- [Work item]: What you give back from the listing below should be an exact copy of the lines from the one with "猛禽小队曝全新片场照小丑女大秀长腿性感迷人" down to the one with "Νίκη Λεπέν έναντι", and it should contain no pictures.

::: Given information :::

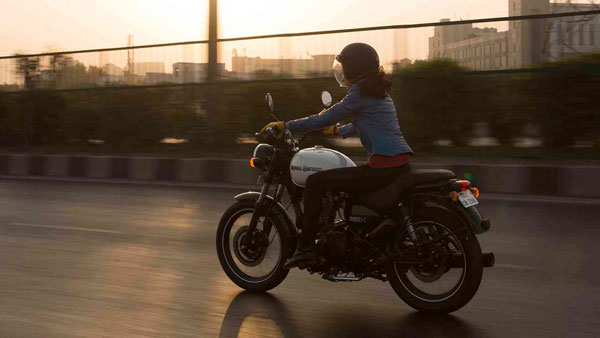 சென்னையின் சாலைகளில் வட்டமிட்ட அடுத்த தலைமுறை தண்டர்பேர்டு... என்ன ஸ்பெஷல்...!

:::
::: Given information :::

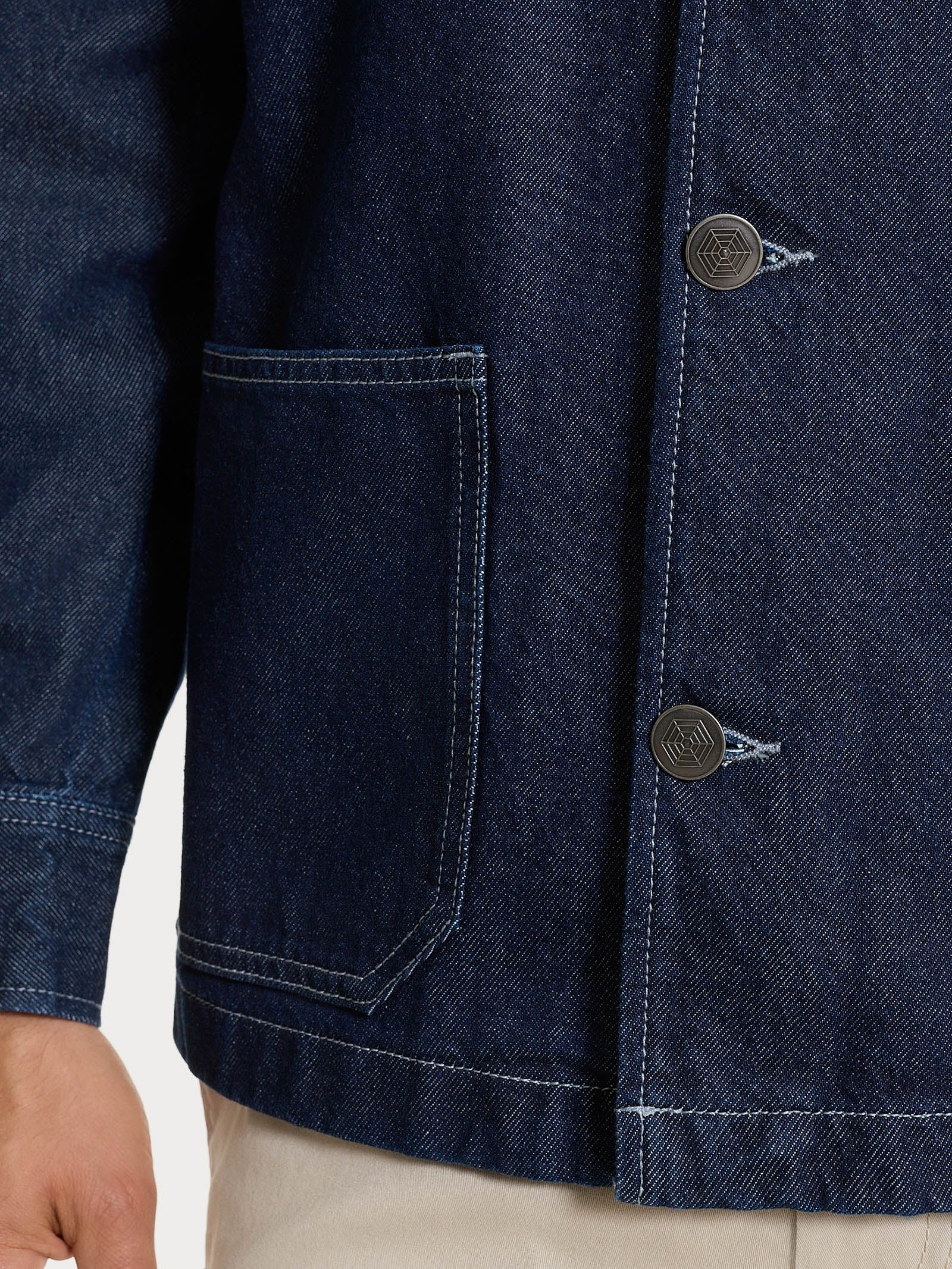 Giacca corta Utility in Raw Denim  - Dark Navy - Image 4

:::
::: Given information :::

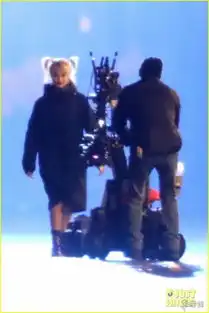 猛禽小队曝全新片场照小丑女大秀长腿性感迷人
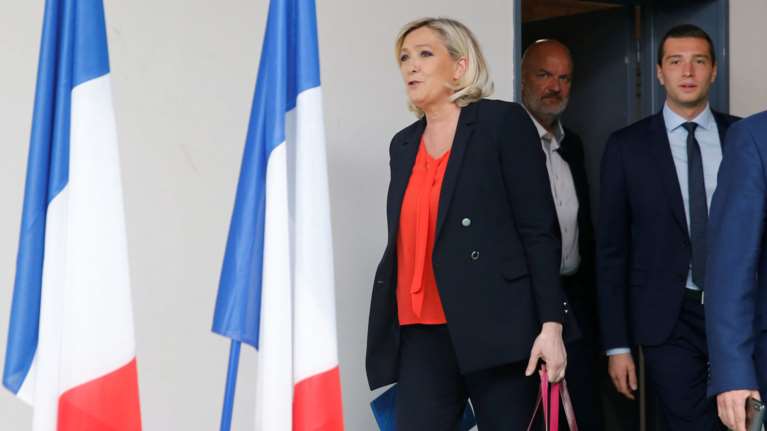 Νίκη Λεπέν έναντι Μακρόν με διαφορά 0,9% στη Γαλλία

:::

- [Exercise solution]:
 猛禽小队曝全新片场照小丑女大秀长腿性感迷人
 Νίκη Λεπέν έναντι Μακρόν με διαφορά 0,9% στη Γαλλία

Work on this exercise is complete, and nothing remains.